New Zealand Grants Legal Personhood Rights – To a River

International   |   Wesley J. Smith   |   Sep 10, 2012   |   10:07AM   |   Wellington, New Zealand

I keep warning that this “nature rights” movement is beginning to bite, and people keep rolling their eyes. But New Zealand just granted rights to a river.

From the New Zealand Herald story:

Meet the Whanganui. You might call it a river, but in the eyes of the law, it has the standings of a person.

In a landmark case for the Rights of Nature, officials in New Zealand recently granted the Whanganui, the nation’s third-longest river, with legal personhood “in the same way a company is, which will give it rights and interests”. The decision follows a long court battle for the river’s personhood initiated by the Whanganui River iwi, an indigenous community with strong cultural ties to the waterway. Under the settlement, the river is regarded as a protected entity, under an arrangement in which representatives from both the iwi and the national government will serve as legal custodians towards the Whanganui’s best interests.

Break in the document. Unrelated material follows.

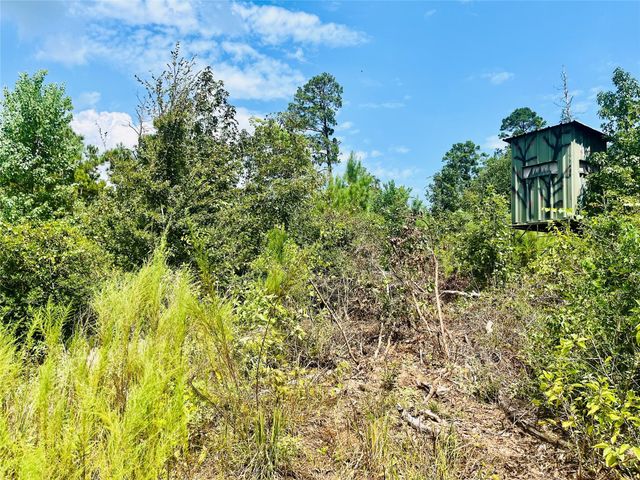 0 Nine Bridge Road, Corrigan, TX 75939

A corporation and other juridical entities have rights because they are human associations. It is the human aspect that matters.

A river is a waterway. It doesn’t have “best interests.” It is not a rights bearing being because it is isn’t a “being” at all. This is really a recognition of nature religion into law.

If the river needed protecting, protect it by creating conservation and environmental standards. Nature rights is very subversive to human freedom and exceptionalism. People are playing with very dangerous and anti-human concepts here and they think they are being progressive. Well, I guess politically, they are.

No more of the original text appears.